PostPosted: Mon 16 Mar 2015, 10:19    Post subject:  

[quote="technosaurus"]
Code:

const char *strings[]=
{"zero","one","two","three","four","five","six","seven","eight","nine","error"};
static inline void put_string(size_t x, size_t last){
   puts(strings[ (x < last) ? x : last]);
}
//put_string(ZERO, LASTNUM);


Why the "size_t" for something that will be used as an array index?

BTW: If you need a huge number of strings, there is a way you can compress the strings at the cost of overhead in the display process and work at the compile time.

It is very common to have a bunch of messages with the same words in them. Messages also never have the characters 128 and above in them. You can dribble the string out with a putc() checking each character for being above 128 as you go. If you see a value above 128 you recur with (ThisCharacter-128+DICTIONARY_START)
Back to top
View user's profile Send private message 
technosaurus


Joined: 18 May 2008
Posts: 4745

PostPosted: Mon 16 Mar 2015, 14:50    Post subject:  

Yes, it seems odd, but if an index is not the equivalent of size_t, the compiler will add an extra MOV instruction to extend it.

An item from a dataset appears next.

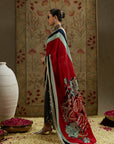 Red Mask Print Cascade Saree With Metal Embellished Bustier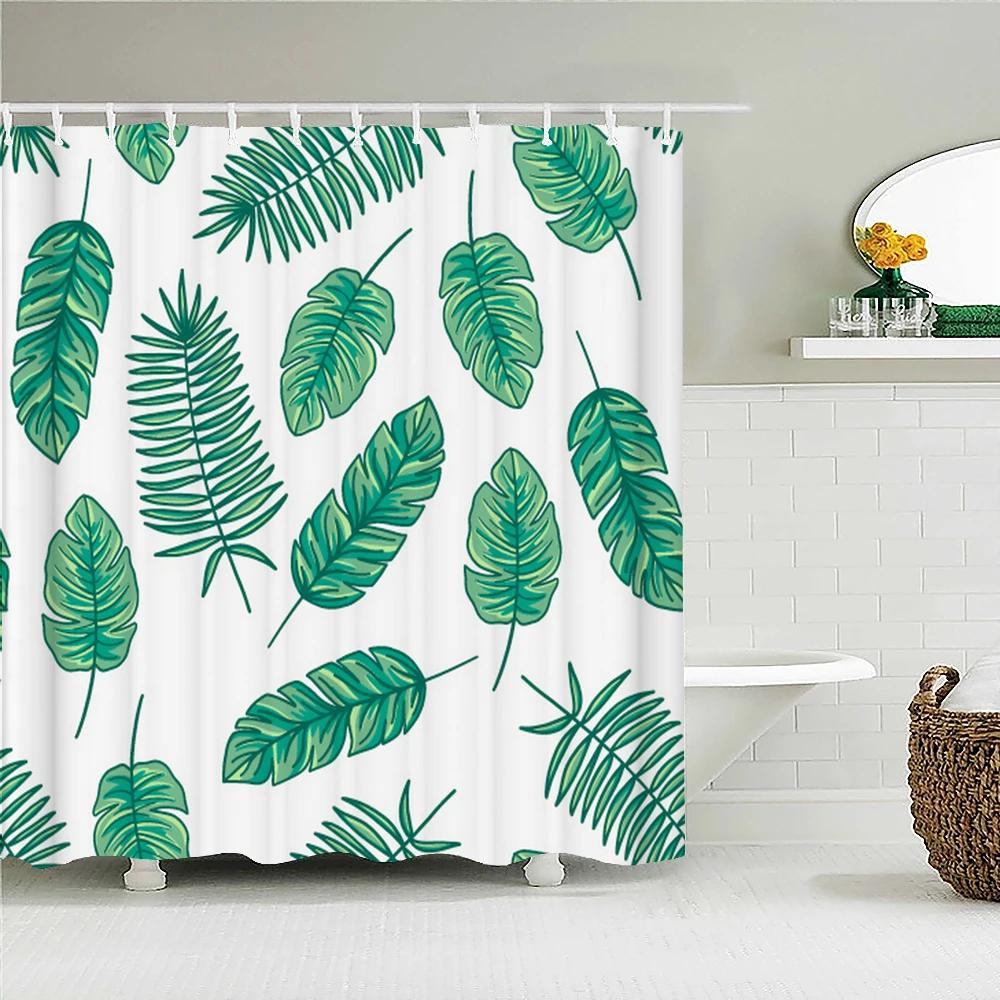 Bathroom Decoration Shower Curtain Tropical Green Plant Leaf Palm Cactus 3D Printing Waterproof Fabric Shower Curtains With Hook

Re string compression. I thought about using 0-X for run length encoding and 128-255 for dictionary entries.

_________________
Web Programming - Pet Packaging 100 & 101
Back to top
View user's profile Send private message 
technosaurus


Joined: 18 May 2008
Posts: 4745

PostPosted: Tue 17 Mar 2015, 23:19    Post subject:  

I wrote a macro that implements a buffered replacement for *printf() based on my strcpy_ALL code that allows (forces) you to do away with format strings altogether.

Code:
int write_chars(int fd, const char **a){
   char buf[4096]; /*alignas(PAGESIZE)?*/
   size_t offset=0;
   int ret=0;
   const char *s;
   while(s=*a++){
      while(*s){
         buf[offset++]=*s++;
         if (offset==sizeof(buf)){
            ret += write(fd,buf,offset);
            offset=0;
         }
      }
   }
   if (offset) ret+=write(fd,buf,offset);
   return ret;
}

#define FDPRINTF(fd,...) write_chars(fd,(const char *[]){__VA_ARGS__,NULL})
#define FPRINTF(fs,...) FDPRINTF(fileno(fs),__VA_ARGS__)
#define PRINTF(...) FDPRINTF(1,__VA_ARGS__)
#define EPRINTF(...) FDPRINTF(2,__VA_ARGS__)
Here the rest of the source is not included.